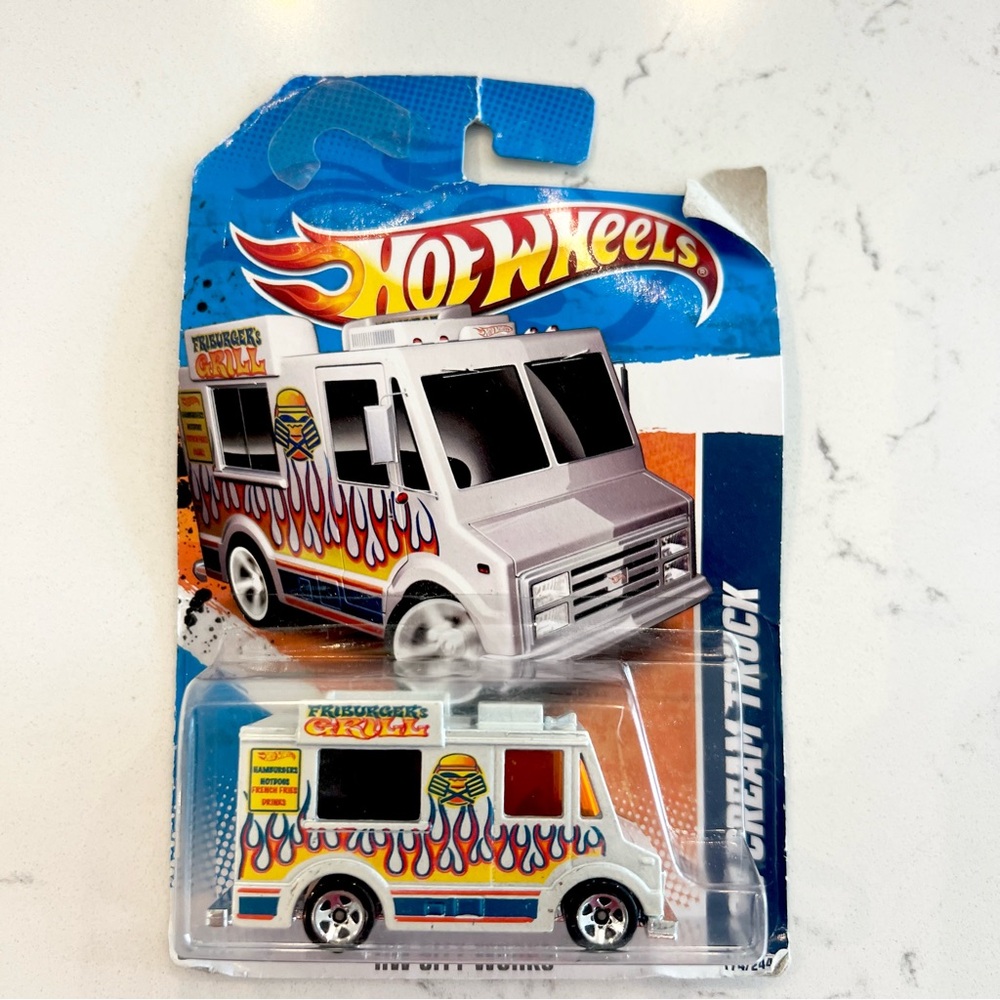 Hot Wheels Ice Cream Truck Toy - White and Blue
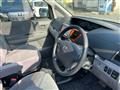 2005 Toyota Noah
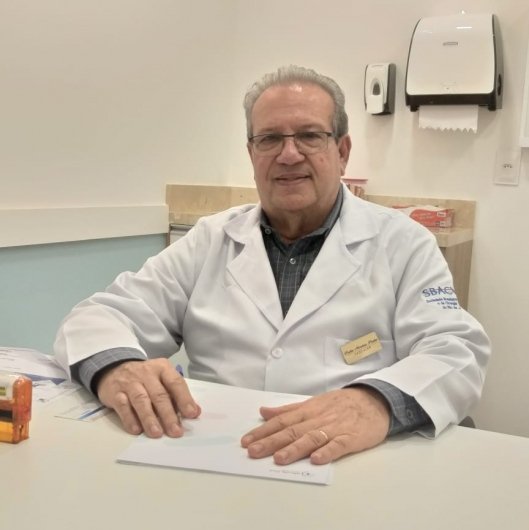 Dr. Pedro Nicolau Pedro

◆ ◆ ◆ ◆ ◆

→ Brief
The copy must reproduce the listing above verbatim and contain no pictures.

→ Written response
 Hot Wheels Ice Cream Truck Toy - White and Blue
 2005 Toyota Noah
 Dr. Pedro Nicolau Pedro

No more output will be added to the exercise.